FCA proposes new guidance on Sustainability Disclosure Requirements (SDR) and investment labels
Posted on 1 Nov 2022
The FCA released their Consultation Paper CP22/20 in October 2022, which suggests that greater clarity and action is needed to make consumers aware of the sustainability of their investments.
Why this matters
This matters as it will affect the way in which all investments are made. The new guidance will require clearer disclosures of sustainability by distributors, who must observe the criteria which will dictate if they must make a disclosure. This may consequentially affect the actions of consumers, who will potentially wish to invest in a particular way due to their own ethics or individual interests. This should provide greater scrutiny and further prevent ‘green-washing’.

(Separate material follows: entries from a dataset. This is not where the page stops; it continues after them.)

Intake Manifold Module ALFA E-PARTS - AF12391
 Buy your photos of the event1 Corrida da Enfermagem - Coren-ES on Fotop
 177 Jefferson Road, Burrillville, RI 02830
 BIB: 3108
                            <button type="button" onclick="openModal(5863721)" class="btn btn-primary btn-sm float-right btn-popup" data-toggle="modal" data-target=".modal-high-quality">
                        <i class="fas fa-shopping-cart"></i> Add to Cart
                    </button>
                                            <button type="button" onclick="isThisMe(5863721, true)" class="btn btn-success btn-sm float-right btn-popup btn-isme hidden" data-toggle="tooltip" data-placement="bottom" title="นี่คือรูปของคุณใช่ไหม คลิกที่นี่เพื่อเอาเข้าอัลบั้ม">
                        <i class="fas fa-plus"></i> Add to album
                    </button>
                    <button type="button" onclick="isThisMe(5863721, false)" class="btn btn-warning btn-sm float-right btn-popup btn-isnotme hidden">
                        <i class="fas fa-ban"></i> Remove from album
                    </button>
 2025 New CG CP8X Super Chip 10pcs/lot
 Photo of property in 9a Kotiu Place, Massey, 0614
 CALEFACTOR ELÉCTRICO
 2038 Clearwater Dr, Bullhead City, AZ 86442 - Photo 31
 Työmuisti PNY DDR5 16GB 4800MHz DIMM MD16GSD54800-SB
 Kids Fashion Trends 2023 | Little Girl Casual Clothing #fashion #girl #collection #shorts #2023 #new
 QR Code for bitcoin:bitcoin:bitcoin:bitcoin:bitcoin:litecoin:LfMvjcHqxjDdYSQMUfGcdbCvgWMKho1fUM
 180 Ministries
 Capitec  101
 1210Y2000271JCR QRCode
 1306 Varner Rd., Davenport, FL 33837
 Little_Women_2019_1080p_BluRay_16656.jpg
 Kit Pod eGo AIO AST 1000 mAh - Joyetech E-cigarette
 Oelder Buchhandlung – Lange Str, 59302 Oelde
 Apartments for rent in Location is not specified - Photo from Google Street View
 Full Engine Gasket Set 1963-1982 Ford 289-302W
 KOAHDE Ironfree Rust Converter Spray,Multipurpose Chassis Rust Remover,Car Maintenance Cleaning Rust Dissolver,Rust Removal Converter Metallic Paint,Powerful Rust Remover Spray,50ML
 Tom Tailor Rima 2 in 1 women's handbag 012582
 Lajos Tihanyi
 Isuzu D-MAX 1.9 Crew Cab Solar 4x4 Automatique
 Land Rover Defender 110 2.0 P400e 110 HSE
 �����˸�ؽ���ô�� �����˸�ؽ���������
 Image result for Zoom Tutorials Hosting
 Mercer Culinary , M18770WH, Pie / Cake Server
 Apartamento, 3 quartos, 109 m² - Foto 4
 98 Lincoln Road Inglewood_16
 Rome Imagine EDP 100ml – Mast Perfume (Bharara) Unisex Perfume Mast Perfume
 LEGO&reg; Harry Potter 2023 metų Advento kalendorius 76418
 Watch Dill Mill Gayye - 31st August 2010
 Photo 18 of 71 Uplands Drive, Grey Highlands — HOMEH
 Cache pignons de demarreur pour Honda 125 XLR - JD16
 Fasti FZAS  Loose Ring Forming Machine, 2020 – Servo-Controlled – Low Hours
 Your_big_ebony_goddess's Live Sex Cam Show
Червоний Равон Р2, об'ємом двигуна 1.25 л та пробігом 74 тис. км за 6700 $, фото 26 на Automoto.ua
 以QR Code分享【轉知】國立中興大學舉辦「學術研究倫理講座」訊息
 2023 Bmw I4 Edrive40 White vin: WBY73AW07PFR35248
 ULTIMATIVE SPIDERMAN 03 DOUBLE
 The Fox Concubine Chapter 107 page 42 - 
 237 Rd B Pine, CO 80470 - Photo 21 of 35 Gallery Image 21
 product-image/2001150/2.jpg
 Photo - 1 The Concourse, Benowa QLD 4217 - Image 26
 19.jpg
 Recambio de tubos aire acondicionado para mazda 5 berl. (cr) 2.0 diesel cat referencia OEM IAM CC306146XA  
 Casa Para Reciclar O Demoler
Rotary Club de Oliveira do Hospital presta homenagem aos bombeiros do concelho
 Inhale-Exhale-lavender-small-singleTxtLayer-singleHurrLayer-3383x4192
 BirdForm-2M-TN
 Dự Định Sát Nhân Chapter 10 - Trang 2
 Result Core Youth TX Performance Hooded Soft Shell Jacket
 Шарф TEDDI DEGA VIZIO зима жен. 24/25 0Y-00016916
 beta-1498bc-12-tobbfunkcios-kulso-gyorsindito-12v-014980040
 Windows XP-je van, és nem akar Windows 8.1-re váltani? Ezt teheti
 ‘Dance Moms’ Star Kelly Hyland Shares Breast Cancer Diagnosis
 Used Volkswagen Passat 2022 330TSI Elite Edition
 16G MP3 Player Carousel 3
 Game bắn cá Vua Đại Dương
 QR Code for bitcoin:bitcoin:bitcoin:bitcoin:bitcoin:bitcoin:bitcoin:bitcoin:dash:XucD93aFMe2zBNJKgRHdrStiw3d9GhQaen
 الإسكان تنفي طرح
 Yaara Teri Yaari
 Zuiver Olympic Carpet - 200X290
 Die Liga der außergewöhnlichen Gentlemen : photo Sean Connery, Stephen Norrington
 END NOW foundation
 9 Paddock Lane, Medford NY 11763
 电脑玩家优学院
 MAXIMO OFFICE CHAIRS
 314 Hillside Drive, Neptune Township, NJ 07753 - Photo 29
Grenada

The FCA’s Consultation Paper CP22/20 proposes that sustainable investment labels be more consistently used in order to help consumers navigate the investment product landscape and enhance consumer trust. They also point to consumer‑facing disclosures which would help consumers understand the key sustainability-related features of a product. In addition, they detail the different types of disclosures targeted at a wider audience (for example, institutional investors and consumers seeking more information). These consist of pre‑contractual disclosures (such as in the fund prospectus), covering the sustainability-related features of investment products. They also consist of the ongoing sustainability‑related performance information, including key sustainability-related performance indicators and metrics, in a sustainability product report, and sustainability entity reports which cover how firms are managing sustainability-related risks and opportunities.
Naming and marketing rules will help to restrict the use of certain sustainability-related terms in product names and marketing materials (unless the product uses a sustainable investment label). There would also be requirements for distributors to ensure that product-level information (including the labels) is made available to consumers. Furthermore, a general ‘anti‑greenwashing’ rule is proposed, which will be applied to all regulated firms, to reiterate existing rules to clarify that sustainability-related claims must be clear, fair and not misleading.
The FCA will use multiple methods in order to measure the success of the new policy. They will monitor use of the sustainable investment labels by firms, for example through a review of the characteristics of labelled products to assess whether they are meeting our criteria and how they are performing against their commitments. They also plan to assess the usefulness of the labels and product-level information to consumers through consumer groups such as ‘Which?’ and their own Financial Lives Survey. By working with regulators such as the Prudential Regulation Authority (PRA) and Financial Reporting Council (FRC), they will assess the provision of sustainability-related information through the FCA ESG Division’s Market Intelligence and Engagement team’s horizon-scanning activities. They will assess the incidence of greenwashing by firms through monitoring complaints made to the FCA’s Supervision Hub and intelligence gathered on quality of applications made to Fund Authorisations. Finally, a post-implementation review will be carried out after three years of the regime coming into force.
Who this affects
This affects all consumers and distributors, as this guidance is in line with the Government’s commitment to attain a net-zero economy by the year 2050. This Consultation Paper (‘CP’) will be of interest to all FCA-regulated firms, as the FCA are proposing to introduce a general ‘anti-greenwashing’ rule that will apply to all firms. The core elements of the regime – labelling and classification, disclosure and naming and marketing rules – will apply to asset managers initially.